The code actually does the right thing already (validates delivery_id and workflow.status here in the relay). Let's update this section to match what the code does instead of claiming the opposite.

[ZainRizvi]

Thoughts on using oot: as the prefix for all the Redis keys? Right now it's crcr: for timing/allowlist and crcr:ratelimit: here. The RFC and doc use oot:rate:. Either prefix is fine, but let's pick one — a split between crcr: and oot: for different keys would be the worst outcome. I'd lean oot: since that's what the RFC uses and it's more descriptive for anyone poking around in Redis.

[KarhouTam]

Hey, @ZainRizvi . Thanks for your valuable comments and suggestions. I am on Labor Day vacation now and will be back on May 6th. I will address these when I come back! Once again, thank you!

[ZainRizvi]

The RFC (rfcs#96) just changed this to a dedicated X-OOT-Relay-Token header — the whole point was to avoid reusing a shared credential on a write path. This should send X-OOT-Relay-Token instead of Authorization so HUD can scope the token to just the /api/oot/results endpoint.

[ZainRizvi]

The RFC's dynamoKey is {repo}/{delivery_id}/{workflow_name}/{job_name}/{run_attempt}, which means HUD expects job_name, run_attempt, started_at, and completed_at in the workflow dict.

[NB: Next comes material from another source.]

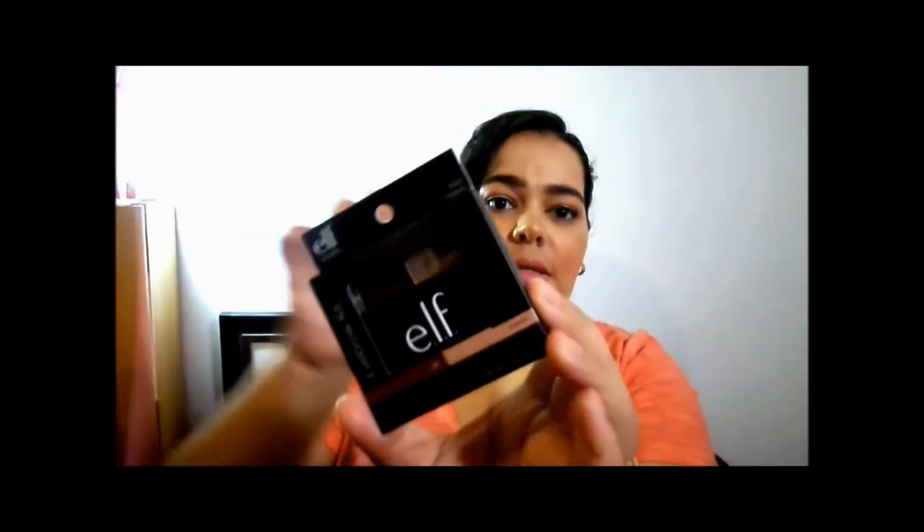The next product I got is my holy grail: the e.l.f. Eyebrow Kit in medium. It comes with a gel and a powder.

Without them, every job in a multi-job workflow will collide on the same key (job_name defaults to "default", run_attempt to 1), and HUD has no wall-clock timestamps so duration_seconds is always 0.

This needs to include:

"job_name": os.environ["JOB_NAME"],
"run_attempt": int(os.environ["RUN_ATTEMPT"]),
"started_at": datetime.utcnow().isoformat() + "Z",  # only on in_progress
"completed_at": datetime.utcnow().isoformat() + "Z",  # only on completed

with corresponding env vars:

JOB_NAME: ${{ github.job }}
RUN_ATTEMPT: ${{ github.run_attempt }}

[ZainRizvi]

Following up on my earlier comment about including downstream_repo_level — the allowlist is already loaded a few lines above and verified_repo is checked against l2_repos. The level should be set here in trusted so HUD doesn't need to recompute it:

level = allowlist.get_level(verified_repo)  # or however the allowlist exposes this
trusted = {"ci_metrics": ci_metrics, "verified_repo": verified_repo, "downstream_repo_level": level.value}

The RFC schema includes this field and HUD will need it for the per-backend dashboard.

[ZainRizvi]

As a general prompting tip, claude does really well if you point it at both the RFC PR and the google doc we worked and and ask it to look for inconsistencies between it (and explicitly ask it to check the comments as well).

That's a good prompt for both the coding agent to start with and also for the reviewing agent to verify against.